La premier danese Mette Frederiksen
Naja obbligatoria anche per le donne
Il governo di Copenaghen intende ora far approvare anche una legge che, a partire dal 2026, renderà obbligatorio il servizio militare anche per le donne e aumenterà il periodo durante il quale si svolge l’addestramento all’uso delle armi.
Attualmente, le giovani donne del piccolo paese nordico possono arruolarsi volontariamente nelle forze armate ma non sono soggette al servizio militare obbligatorio valido invece per gli uomini, estratti a sorte per coprire i posti non occupati dai volontari.
«Proteggere il proprio paese è una delle cose più onorevoli che si possa fare. Per questo il governo propone di ampliare il servizio militare (…). Proponiamo la piena uguaglianza di genere nell’esercito» ha detto Mette Frederiksen. Per la leader danese, sostenuta da una maggioranza formata dai socialdemocratici, dai liberali (centrodestra) e dai Moderati (centro), «una maggiore uguaglianza di genere creerà una difesa più moderna e diversa che rifletta i tempi in cui viviamo». Più pragmaticamente, il Ministro della Difesa di Copenaghen Troels Lund Poulsen ha citato le nuove esigenze poste dal clima di guerra che si respira in Europa, che le decisioni del suo esecutivo contribuiscono indubbiamente ad alimentare.
Con la nuova riforma, dal 2026 la naja in Danimarca dovrebbe passare da quattro a undici mesi: i primi cinque sarebbero destinati ad una formazione militare di base e generica, mentre un secondo periodo dovrebbe essere dedicato all’addestramento specifico nelle forze di terra, nella Marina o nell’Aeronautica.

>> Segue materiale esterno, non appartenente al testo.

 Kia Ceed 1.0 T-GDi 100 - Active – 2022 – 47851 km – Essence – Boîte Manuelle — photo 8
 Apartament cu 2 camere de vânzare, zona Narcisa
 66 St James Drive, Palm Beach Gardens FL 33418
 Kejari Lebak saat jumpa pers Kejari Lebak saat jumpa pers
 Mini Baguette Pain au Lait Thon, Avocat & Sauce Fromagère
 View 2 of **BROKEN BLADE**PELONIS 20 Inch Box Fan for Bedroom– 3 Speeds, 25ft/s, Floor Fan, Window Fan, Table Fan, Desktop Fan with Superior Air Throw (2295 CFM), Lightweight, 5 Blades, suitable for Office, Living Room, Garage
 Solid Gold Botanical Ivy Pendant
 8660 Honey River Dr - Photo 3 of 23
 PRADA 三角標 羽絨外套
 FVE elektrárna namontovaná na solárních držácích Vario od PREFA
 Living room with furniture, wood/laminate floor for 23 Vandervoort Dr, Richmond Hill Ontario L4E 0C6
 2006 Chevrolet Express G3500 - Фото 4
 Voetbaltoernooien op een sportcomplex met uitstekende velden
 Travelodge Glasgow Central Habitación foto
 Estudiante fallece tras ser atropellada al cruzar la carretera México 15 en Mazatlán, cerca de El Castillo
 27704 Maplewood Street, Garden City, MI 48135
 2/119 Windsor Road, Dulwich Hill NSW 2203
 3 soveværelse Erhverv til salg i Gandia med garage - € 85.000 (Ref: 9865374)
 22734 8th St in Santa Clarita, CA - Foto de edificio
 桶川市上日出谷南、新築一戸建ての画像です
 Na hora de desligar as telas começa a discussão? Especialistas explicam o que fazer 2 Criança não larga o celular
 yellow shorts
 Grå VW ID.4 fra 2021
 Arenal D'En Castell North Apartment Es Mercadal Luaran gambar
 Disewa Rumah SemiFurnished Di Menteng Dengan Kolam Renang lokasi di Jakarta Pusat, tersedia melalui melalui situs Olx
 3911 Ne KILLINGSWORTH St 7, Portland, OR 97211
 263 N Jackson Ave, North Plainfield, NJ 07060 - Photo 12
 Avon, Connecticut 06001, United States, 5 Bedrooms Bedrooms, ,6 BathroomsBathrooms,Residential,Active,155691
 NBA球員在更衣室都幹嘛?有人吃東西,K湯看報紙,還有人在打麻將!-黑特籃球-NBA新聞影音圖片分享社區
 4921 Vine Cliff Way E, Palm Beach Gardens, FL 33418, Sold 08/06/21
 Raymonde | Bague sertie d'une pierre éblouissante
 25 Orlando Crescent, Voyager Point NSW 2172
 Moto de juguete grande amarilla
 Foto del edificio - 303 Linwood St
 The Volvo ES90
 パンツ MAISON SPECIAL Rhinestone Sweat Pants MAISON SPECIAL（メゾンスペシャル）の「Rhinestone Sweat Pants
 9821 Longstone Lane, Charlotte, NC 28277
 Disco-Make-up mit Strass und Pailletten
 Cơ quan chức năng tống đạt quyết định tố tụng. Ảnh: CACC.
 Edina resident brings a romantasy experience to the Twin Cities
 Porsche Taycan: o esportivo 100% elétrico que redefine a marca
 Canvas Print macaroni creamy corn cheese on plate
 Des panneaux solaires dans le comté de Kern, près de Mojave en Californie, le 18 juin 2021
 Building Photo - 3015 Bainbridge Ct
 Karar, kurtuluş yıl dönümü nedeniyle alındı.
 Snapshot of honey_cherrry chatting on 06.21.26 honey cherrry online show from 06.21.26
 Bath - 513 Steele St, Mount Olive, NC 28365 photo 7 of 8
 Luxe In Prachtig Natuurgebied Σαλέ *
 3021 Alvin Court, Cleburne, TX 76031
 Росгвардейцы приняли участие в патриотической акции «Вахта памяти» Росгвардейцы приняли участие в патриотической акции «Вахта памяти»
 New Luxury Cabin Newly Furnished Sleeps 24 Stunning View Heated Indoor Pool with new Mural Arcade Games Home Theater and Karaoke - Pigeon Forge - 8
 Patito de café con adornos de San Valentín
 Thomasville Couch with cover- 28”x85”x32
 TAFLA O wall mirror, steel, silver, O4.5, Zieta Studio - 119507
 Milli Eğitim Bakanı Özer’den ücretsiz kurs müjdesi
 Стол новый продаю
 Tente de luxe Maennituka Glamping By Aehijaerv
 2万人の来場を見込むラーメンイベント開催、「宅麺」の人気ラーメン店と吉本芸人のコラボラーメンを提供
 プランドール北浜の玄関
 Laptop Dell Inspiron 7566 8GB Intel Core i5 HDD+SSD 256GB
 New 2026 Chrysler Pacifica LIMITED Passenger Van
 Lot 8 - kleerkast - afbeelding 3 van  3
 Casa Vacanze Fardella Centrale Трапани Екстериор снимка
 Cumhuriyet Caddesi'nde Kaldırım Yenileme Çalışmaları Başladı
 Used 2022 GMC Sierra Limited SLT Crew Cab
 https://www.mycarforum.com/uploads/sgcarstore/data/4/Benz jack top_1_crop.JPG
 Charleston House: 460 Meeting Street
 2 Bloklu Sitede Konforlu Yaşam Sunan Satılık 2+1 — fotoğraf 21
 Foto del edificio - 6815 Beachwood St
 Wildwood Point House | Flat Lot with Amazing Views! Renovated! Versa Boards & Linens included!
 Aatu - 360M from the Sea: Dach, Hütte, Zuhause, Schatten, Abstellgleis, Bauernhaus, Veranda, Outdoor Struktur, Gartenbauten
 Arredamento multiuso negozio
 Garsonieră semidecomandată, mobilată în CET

Lo scorso anno a prestare il servizio militare in Danimarca sono stati quasi 4700 giovani, di cui il 25% erano volontarie donne. Includendo le donne, il Ministero della Difesa danese intende arrivare ad almeno 5000 i richiamati ogni anno, da aggiungere ai 9000 militari professionisti. Il governo intende così rimediare alla cronica scarsità di effettivi da mobilitare in caso di bisogno: finora, ogni anno, almeno un quarto dei posti disponibili nell’esercito professionale rimane infatti scoperto.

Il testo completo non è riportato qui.